China Market Commentary: May 2021
Here are this month’s highlights: In April, amid a global equity rebound, US markets reached record highs on the back of dovish signals from the Fed and optimism over economies reopening thanks to the COVID-19 vaccine rollout in the US and the UK.
China in April
In April, amid a global equity rebound, US markets reached record highs on the back of dovish signals from the Fed and optimism over economies reopening thanks to the COVID-19 vaccine rollout in the US and the UK.
Chinese equities were also in positive territory, with the MSCI China and MSCI China A Onshore indices up 1.4% and 4% respectively, although they lagged behind the MSCI ACWI’s 4.4%. Materials, Healthcare and companies in the electric vehicle supply chain performed the best, while Real Estate, Energy and Industrials underperformed.
The underperformance of China markets versus global markets year-to-date comes on the back of strong outperformance in 2020. Given this, as well as expectations of policy tightening and rising regulatory scrutiny for many sectors in China including internet and education, a pause is not unexpected.
After the price correction in February and March, we think the margin of safety for long-term investors has increased compared to the beginning of the year.
On the economic front, Chinese corporates recorded strong Q1 results with aggregate net profit growth of over 20% compared to the same period in 2019, translating into a compound annual growth rate of over 10% in the past two years. Retail sales growth accelerated in March from the first two months.
Some 102 million domestic tourists travelled during the Qingming “Ancestors Day” holidays in early April, equivalent to 95% of the pre-COVID-19 level.
SF Holding, a company owned by many of our managers, reported earnings missing the consensus and subsequently saw a 20% pullback in its share price.
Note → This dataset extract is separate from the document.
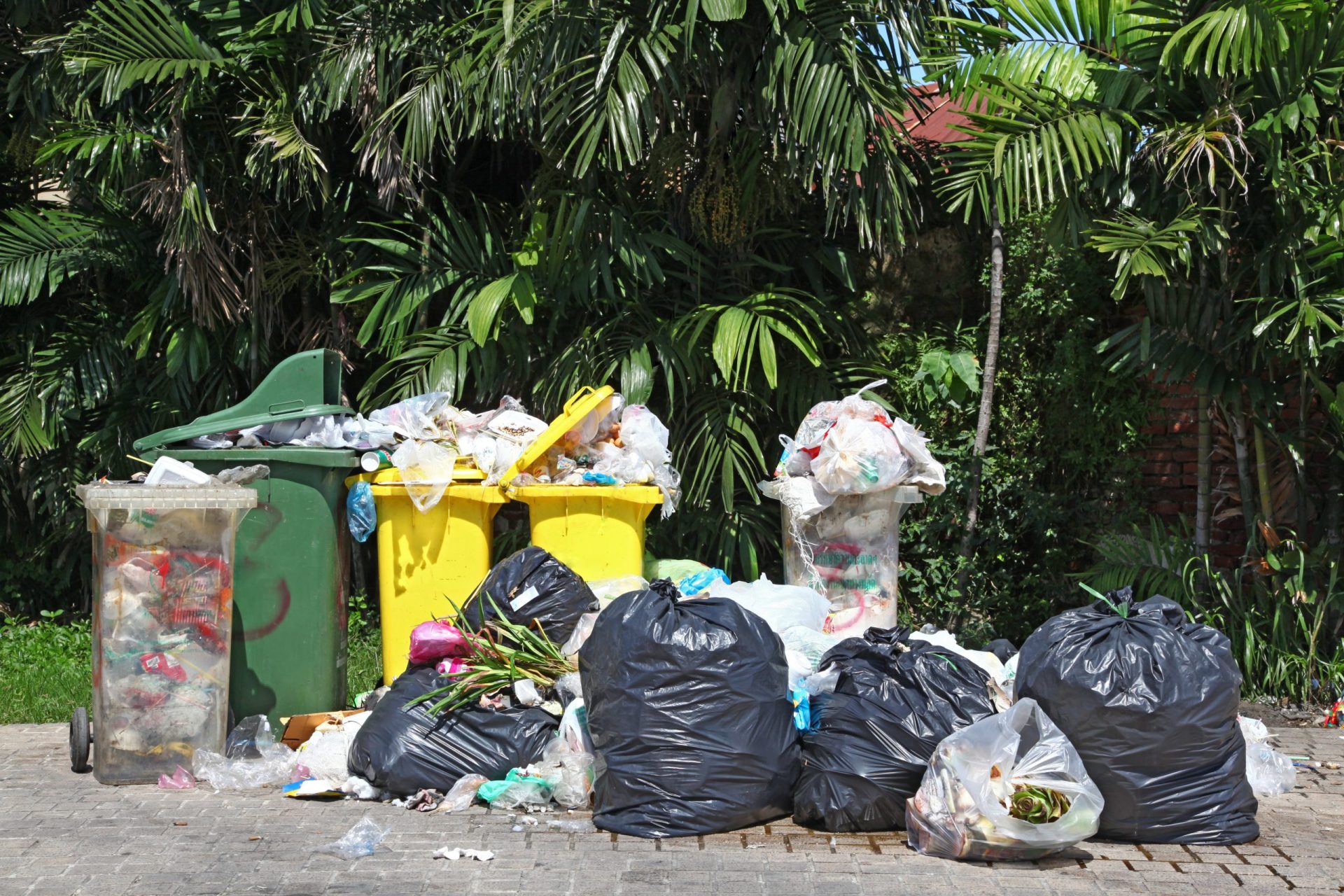 Munícipes de Vila Nova da Gaia vão deixar de pagar taxa de lixo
SF Holding is a delivery and logistics company operating across China.
The market was concerned about slower growth of the express delivery business due to competition, a large capex programme and the upfront costs of new business expansion.
Education sector under regulatory scrutiny
The education sector has been highly successful over recent years but is now coming under significant regulatory scrutiny. At their peaks in February this year, Tal Education, New Oriental Education (“EDU”) and GSX Techedu, the three most prominent stocks in this sector, were up by 9.7x, 5.5x and 11.3x, respectively, over the last five years. However, TAL and EDU’s share prices have halved and GSX’s has fallen almost 90% since then.
China’s State Administration for Market Regulation has several concerns. It brought greater supervision on pricing and governance some years back although there still have been numerous violations. Fines were issued, including to all of the leading providers in this sector. The government’s primary concern is related to social issues such as reducing family costs and overly pressurising young students.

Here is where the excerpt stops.